El llanto (espasmódico, irrefrenable, inescondible) por el artífice de una de las más potentes aventuras antihumanas contemporáneas, como el llanto por todos aquellos que han precedido al norcoreano en esta empresa lúgubre y letal, revela la esencia del totalitarismo. O, más bien, la consecución de uno de sus objetivos nucleares: la dominación absoluta. Si el totalitarismo está en mi diccionario como una de las más tupidas tinieblas humanas no es sólo porque se dedique, con homicida delectación, a destruir todo el edificio de instituciones, derechos, obligaciones y balances que le dan rostro a la libertad humana.

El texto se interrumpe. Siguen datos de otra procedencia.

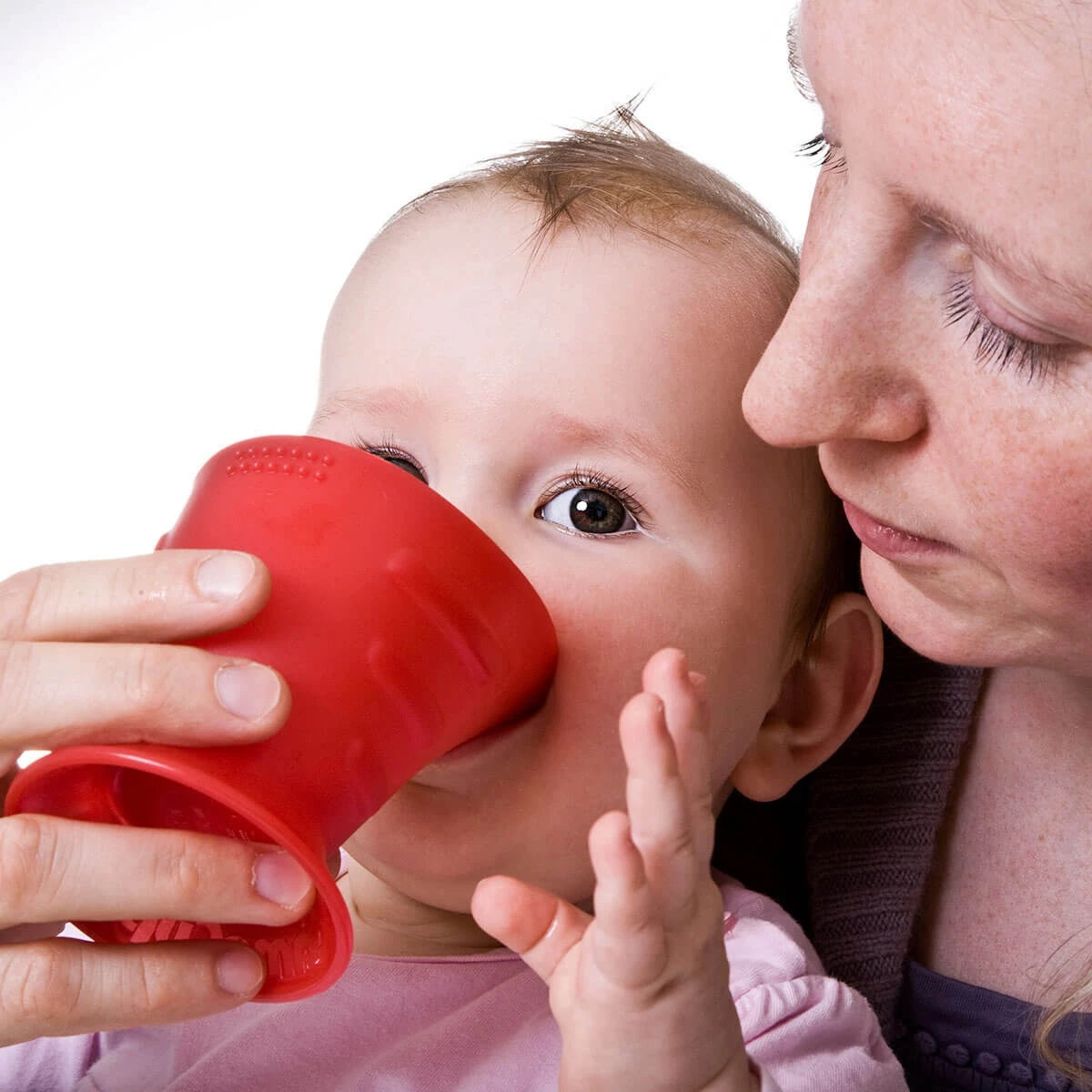 HOPPEDIZ CamoCup Becher für Kinder und Personen mit Dysphagie und Saugschwierigkeiten – Produktfoto 4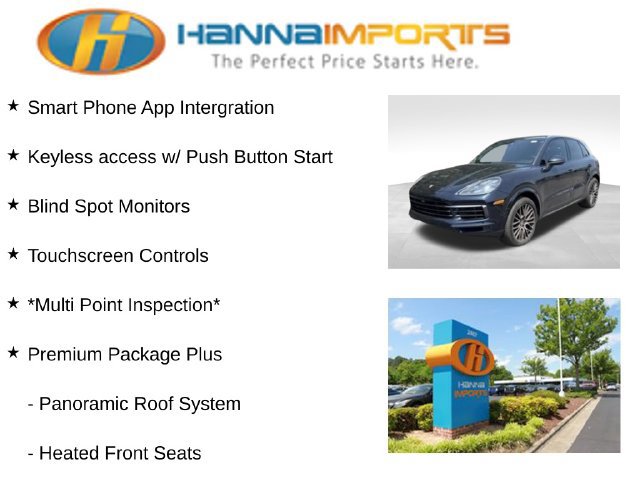 Used 2020 Porsche Cayenne AWD/4WD image 16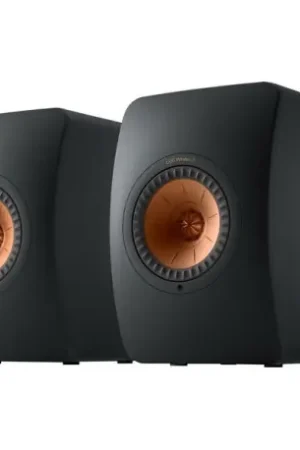 Commandez dès aujourd'hui - KEF LS50 WIRELESS 2 enceintes sans fils hi-fi NOIR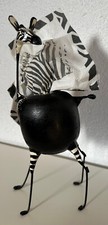 Tischdeko Zebra, Skulptur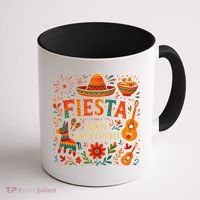 Fiesta Squad San Antonio Texas Cinco De Mayo Lets Fiesta Coffee Mug thumb 1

Es, también y sobre todo, porque aspira a derribar la ‘ciudadela interior’ que el gran Isaiah Berlin señaló como el único lugar de supervivencia de la libertad cuando ésta es atacada en todos los frentes y sin descanso. El totalitarismo aspira así a la aniquilación de los hombres, porque aspira a privarlos de su esencial naturaleza, no sólo de su capacidad de obrar, sino de la capacidad para pensar en obrar. Es tan repugnante que proyecta el asesinato del futuro. Es tan radicalmente contrario a la humanidad que tiene que robar hasta las lágrimas que se le tributan.